**EXCERPTED RECORDS:**

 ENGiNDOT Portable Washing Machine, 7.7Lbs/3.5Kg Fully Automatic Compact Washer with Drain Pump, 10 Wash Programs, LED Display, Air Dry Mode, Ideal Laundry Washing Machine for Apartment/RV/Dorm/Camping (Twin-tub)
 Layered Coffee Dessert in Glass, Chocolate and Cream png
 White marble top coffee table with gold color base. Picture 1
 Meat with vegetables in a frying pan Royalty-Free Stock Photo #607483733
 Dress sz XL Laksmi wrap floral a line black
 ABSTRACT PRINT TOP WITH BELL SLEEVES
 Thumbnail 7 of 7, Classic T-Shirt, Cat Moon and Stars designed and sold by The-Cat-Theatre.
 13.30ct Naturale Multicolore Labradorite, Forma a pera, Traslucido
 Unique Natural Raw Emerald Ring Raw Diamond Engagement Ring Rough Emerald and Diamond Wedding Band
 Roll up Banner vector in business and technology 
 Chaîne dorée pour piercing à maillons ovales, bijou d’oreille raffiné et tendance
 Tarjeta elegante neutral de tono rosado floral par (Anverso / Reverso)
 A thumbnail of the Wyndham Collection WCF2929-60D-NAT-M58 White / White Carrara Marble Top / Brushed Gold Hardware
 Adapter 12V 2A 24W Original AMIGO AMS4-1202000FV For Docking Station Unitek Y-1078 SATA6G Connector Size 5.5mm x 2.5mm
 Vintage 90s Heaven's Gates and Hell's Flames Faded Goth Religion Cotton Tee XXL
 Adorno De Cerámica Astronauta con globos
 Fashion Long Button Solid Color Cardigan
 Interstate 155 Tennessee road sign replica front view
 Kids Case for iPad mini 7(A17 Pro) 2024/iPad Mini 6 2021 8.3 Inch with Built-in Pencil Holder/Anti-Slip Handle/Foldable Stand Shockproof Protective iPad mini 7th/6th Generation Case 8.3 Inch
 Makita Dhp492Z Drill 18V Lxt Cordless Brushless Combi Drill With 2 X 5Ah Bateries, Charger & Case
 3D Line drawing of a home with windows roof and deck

**EXERCISE DETAILS:** Which lines in the records above include the word "Case"? Copy them out.

**RESPONSE TO THIS TASK:**
 Kids Case for iPad mini 7(A17 Pro) 2024/iPad Mini 6 2021 8.3 Inch with Built-in Pencil Holder/Anti-Slip Handle/Foldable Stand Shockproof Protective iPad mini 7th/6th Generation Case 8.3 Inch
 Makita Dhp492Z Drill 18V Lxt Cordless Brushless Combi Drill With 2 X 5Ah Bateries, Charger & Case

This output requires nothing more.